# UberBlack commissions changed to 25/28%



## AMBUDRIVER03 (Jul 1, 2014)

So, I just looked at my partner pay statement for this week (not terribly encouraging), but it seems that they've increased the rake on Uber Black to 25% from 20%...

Motherf*ckers...



> Uber Fee
> 
> 28.0% of SUV Fare
> 25% of Black Car Fare
> (610.18)


----------



## chi1cabby (May 28, 2014)

AMBUDRIVER03 said:


> So, I just looked at my partner pay statement for this week (not terribly encouraging), but it seems that they've increased the rake on Uber Black to 25% from 20%...
> 
> Motherf*ckers...


And no freaking prior notice on this?? Are you sure bout the percentages...check your statements from last week too.


----------



## LAuberX (Jun 3, 2014)

No wonder they raised rates, to cover the vig hike!

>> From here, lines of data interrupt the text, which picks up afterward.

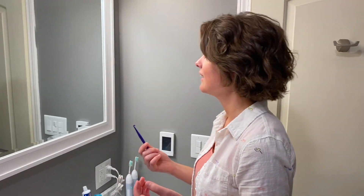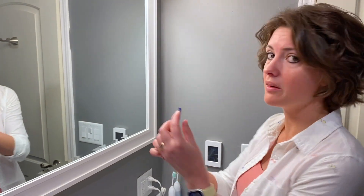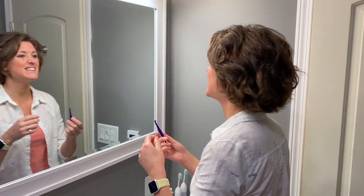I watched a YouTube video — doesn't mean I'm going to be as successful, but we'll see what happens. So apparently the one with the little hook, like this, that's for your top teeth. This one is for your bottom teeth. We're going to try the top teeth first, just to see what happens.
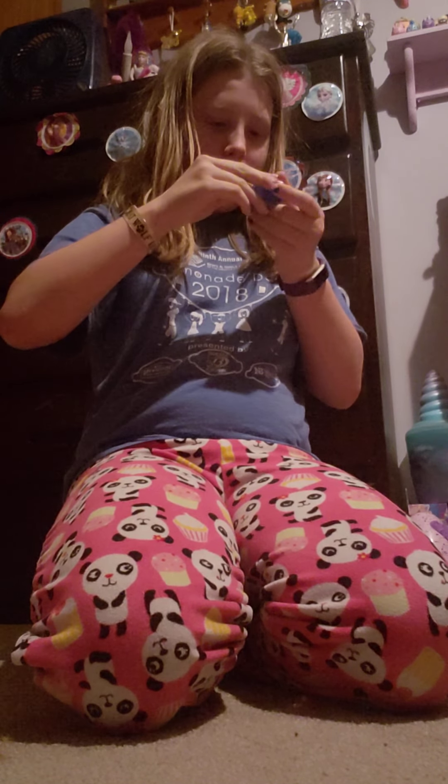So I'm just going to show you guys the slime and what type of slime it is. Okay, this is hard to open — finally, I got it open!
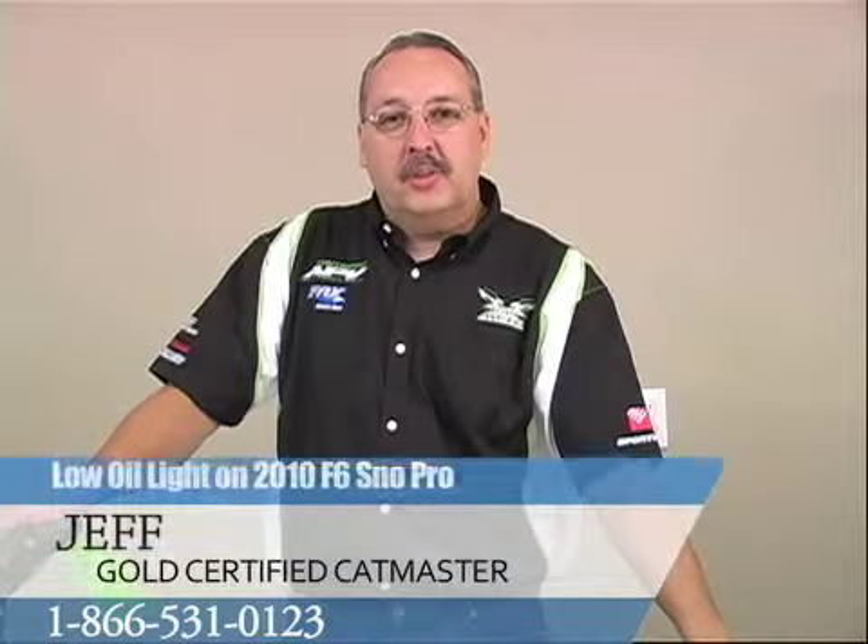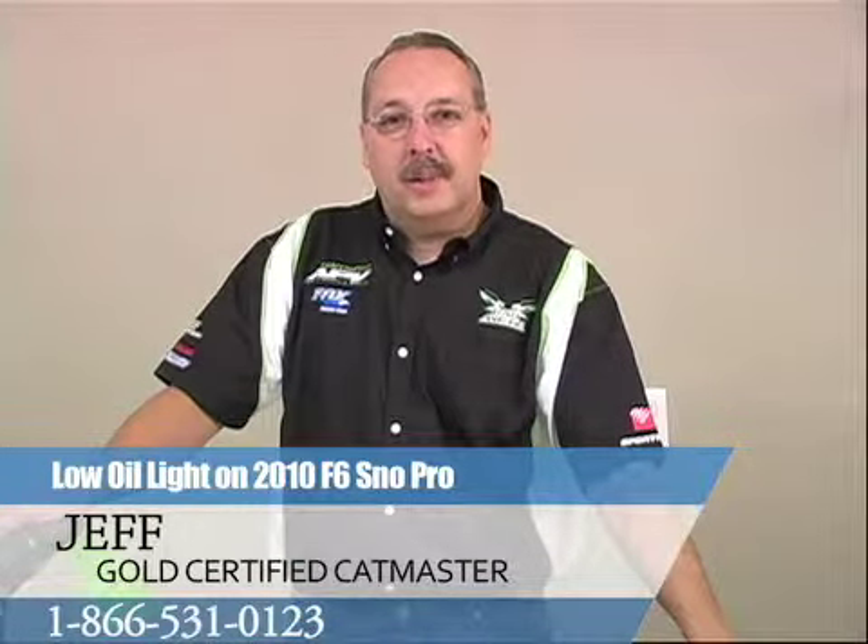Thanks for watching. My name is Jeff. For more information, go to FunOutfitters.com or give us a call at 866-531-0123. Thank you.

Remember, the 17 Billion valuation is based on 30% vig....


----------



## AMBUDRIVER03 (Jul 1, 2014)

Yep, last week was 20/28... Checked.


----------



## AMBUDRIVER03 (Jul 1, 2014)

I also crunched the numbers on the runs...

this is one example of a minimum fare, showing the resulting fares with fees etc...

12:35AMEVKVLDSPBlack Car15.00(3.75)11.25


----------



## fuber (Aug 26, 2014)

AMBUDRIVER03 said:


> So, I just looked at my partner pay statement for this week (not terribly encouraging), but it seems that they've increased the rake on Uber Black to 25% from 20%...
> 
> Motherf*ckers...


There was a notice when they hiked the uberBlack rates a few weeks ago
I was going through some uberBlack/suv rental ads on CR and none of those promised more than 1K in earning after rent and gas. Seems strange to me. I drive an uberX for the fraction of the rate and make more than that. What's the mistery here, where is the money?


----------



## AMBUDRIVER03 (Jul 1, 2014)

the number next to the commissions was the total amount of commissions they took.


----------



## Walkersm (Apr 15, 2014)

I definitely saw a notice about it about a month or 2 ago. Cant remember where though or if it was an email or what. But it was included in the same email about the price increase to customers. I remember because it was such an example of talking out both sides of their mouths.

To UberX driver : Lower rates = More customers 
To Black Drivers : Higher rates = More customers

Found it. This was for LA only I believe and started in July:
http://i.imgur.com/lEFndcF.png

So did your prices go up in OC as well?


----------



## fuber (Aug 26, 2014)

Good link.
Exept jump from 20% to 25% commissions is not a 5% increase as they say, but 25% increase in commissions. 
Here is the math: 20%*1.25=25%

#Ubertalk


----------



## caspiy257 (Aug 19, 2014)

Walkersm said:


> I definitely saw a notice about it about a month or 2 ago. Cant remember where though or if it was an email or what. But it was included in the same email about the price increase to customers. I remember because it was such an example of talking out both sides of their mouths.
> 
> To UberX driver : Lower rates = More customers
> To Black Drivers : Higher rates = More customers
> ...


God's math!!!


----------



## Raider (Jul 25, 2014)

I have never used so much profanity before, but after driving for Uber and joining this site...i should have a swear jar, i'd make way more putting a dollar in there per swear word than drive for Uber...this is tyranny, these cock sucking mother ****ers.


----------



## AMBUDRIVER03 (Jul 1, 2014)

Definitely didn't send that email out to me in the OC. 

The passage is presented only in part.